At 4:45 pm Thursday, Carlos Sevilla and his date, Kriti Shrestha, finally secured a table for two at Masalawala & Sons. It was no easy feat. They’d been trying to snag one since September, when the Indian restaurant — with its Bengali dinner party atmosphere — first opened in a former Park Slope bakery and rapidly became one of the city’s hottest restaurants.
“When it first was about to open, reservations were a month in advance — it was slim pickings,” Park Sloper Sevilla, 37, told The Post. He found himself constantly reloading restaurant reservation site Resy — to no avail.
Dining at Masalawala & Sons is by reservations—only “unless there is any last minute cancellation,” its website alerts. But good luck scoring one at the 36-seat restaurant: the average waitlist is 600 people, a rep for the restaurant told The Post.
Tucked into a busy, unglamorous stretch of Brooklyn’s Fifth Avenue not far from the Barclays Center, the humble-seeming restaurant is helmed by James Beard award-winning chef Chintan Pandya and restaurateur Roni Mazumdar. The pair are behind the critically acclaimed Dhamaka on Delancey Street and Adda in Long Island City. Dhamaka was said to have a 1,500-name wait list a full year after opening. Now, Masalawala & Sons — decked out with tangerine-colored murals and fiery orange-and-yellow flower garlands — is experiencing a similar frenzy.
Reservations open on Resy 30 days in advance at midnight, and one savvy diner told The Post they’ve gone so far as to enlist colleagues in London to book for them. That said, four barstools are allotted for walk-ins, and the odd two-top for a weekday 5 or 5:15 pm time slot does pop up.
Sevilla’s hunt for a table became a team effort; Shrestha, 31, who lives in Midtown, is now also trying, but she could only find a table open on Thanksgiving, when both already had plans.
Eventually the couple gave up trying to book online. Since Seville lives in the neighborhood, he walked by and asked for advice. Show up at 4:45 pm, he was told, 15 minutes before the restaurant opens, and he might get seated at 5. Three months after their journey began, they were sitting down for dinner at 5 on the dot.
“We were the first ones seated,” Sevilla told The Post, enthusing over the kosha mangsho, a braised lamb dish. “It was worth it. It was really good.”
Getting a table for four on Thursday represented a major victory for Park Slope anesthesiologist Erika Pence, who confessed to having been on the case since October.
“They were booked out for the month every time I tried,” Pence said, savoring his good fortune, along with the forehead vada, a dish of fermented lentil dumplings served with sweet and savory yogurt flecked with roasted cumin.
“I got an email yesterday that someone canceled for 6 pm,” she said.

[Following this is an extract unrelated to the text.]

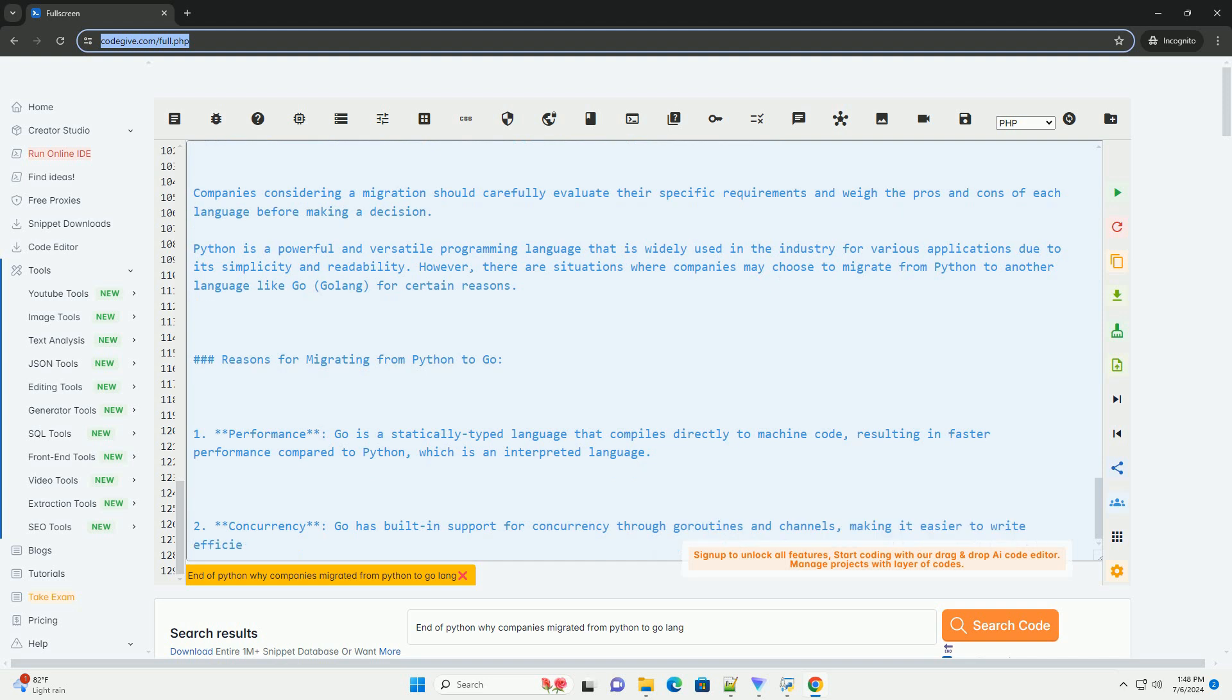Companies considering a migration should carefully evaluate their specific requirements and weigh the pros and cons of each language before making a decision.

Despite Masalawala’s electric atmosphere and melting-pot menu fusing Bengali, Gujarati, Hindi and Marathi flavors, there’s a familiar, comfortable vibe. And that’s the point, said Mazumdar. The restaurant is intended as a tribute to the Indian homestyle cooking that his Kolkata-born father loved, and that Mazumdar grew up eating.
It’s the restaurant he tried to open ten years ago on the Lower East Side, which may have lasted a decade, but wound up serving a lot of chicken tikka masala and other dishes Mazumdar didn’t grow up eating. The first Masalawala closed last year; at the reboot, diners seem to be hungry for whatever the James Beard-winning Pandya is serving, familiar or not.
Shortly after 6 pm, a table of three sat attentively as a server carved fresh coconut flesh into shrimp curry, tableside. He reminded diners to scrape up every ounce of the Ripon Street majja, bone marrow in paya curry sauce, onto their fresh-fired pao Indian bread. Diners get an A+, he said, if they eat every last bite of the macher dim — fish roe over rice with egg yolk, ghee and green chili. Everyone appeared to be eager to get a good grade.
At another table, a trio told The Post they usually dine at 7 or 8 pm, but didn’t mind the early hour if it meant getting a much-coveted seat. Tracy, a producer who declined to give The Post her last name, said that when she couldn’t book a seat at Masawala, she used her American Express dining concierge benefit to secure a 6:15 time slot.
That hour, she said, laughing, is “not [just for] the early bird special anymore.”